[Crawled caption data]

----------

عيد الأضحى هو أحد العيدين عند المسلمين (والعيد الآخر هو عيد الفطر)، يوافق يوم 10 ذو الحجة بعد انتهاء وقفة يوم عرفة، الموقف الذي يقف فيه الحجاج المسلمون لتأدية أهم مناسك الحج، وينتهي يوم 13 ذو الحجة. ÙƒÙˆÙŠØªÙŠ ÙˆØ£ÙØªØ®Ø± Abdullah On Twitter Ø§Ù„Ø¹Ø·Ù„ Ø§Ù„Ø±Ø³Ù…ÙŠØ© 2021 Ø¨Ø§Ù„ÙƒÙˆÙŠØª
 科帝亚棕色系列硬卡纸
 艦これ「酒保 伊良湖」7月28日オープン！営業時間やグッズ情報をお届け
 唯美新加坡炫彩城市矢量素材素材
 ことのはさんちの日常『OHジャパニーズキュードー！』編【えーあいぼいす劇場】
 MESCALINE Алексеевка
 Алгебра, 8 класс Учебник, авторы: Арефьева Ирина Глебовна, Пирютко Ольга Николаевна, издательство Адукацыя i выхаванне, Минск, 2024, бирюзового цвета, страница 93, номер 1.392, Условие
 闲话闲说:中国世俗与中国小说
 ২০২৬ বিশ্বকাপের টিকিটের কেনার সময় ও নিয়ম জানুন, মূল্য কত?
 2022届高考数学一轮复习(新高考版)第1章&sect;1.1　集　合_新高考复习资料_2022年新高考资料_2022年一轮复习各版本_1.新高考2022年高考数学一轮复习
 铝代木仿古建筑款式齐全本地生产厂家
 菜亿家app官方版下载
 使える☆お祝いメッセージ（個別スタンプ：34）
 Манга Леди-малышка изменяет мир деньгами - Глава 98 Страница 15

----------

_Problem requirements_
From the records above, print exactly the lines that run from the line with "MESCALINE Алексеевка" to the line with "২০২৬ বিশ্বকাপের টিকিটের", inclusive.

_Solution_
 MESCALINE Алексеевка
 Алгебра, 8 класс Учебник, авторы: Арефьева Ирина Глебовна, Пирютко Ольга Николаевна, издательство Адукацыя i выхаванне, Минск, 2024, бирюзового цвета, страница 93, номер 1.392, Условие
 闲话闲说:中国世俗与中国小说
 ২০২৬ বিশ্বকাপের টিকিটের কেনার সময় ও নিয়ম জানুন, মূল্য কত?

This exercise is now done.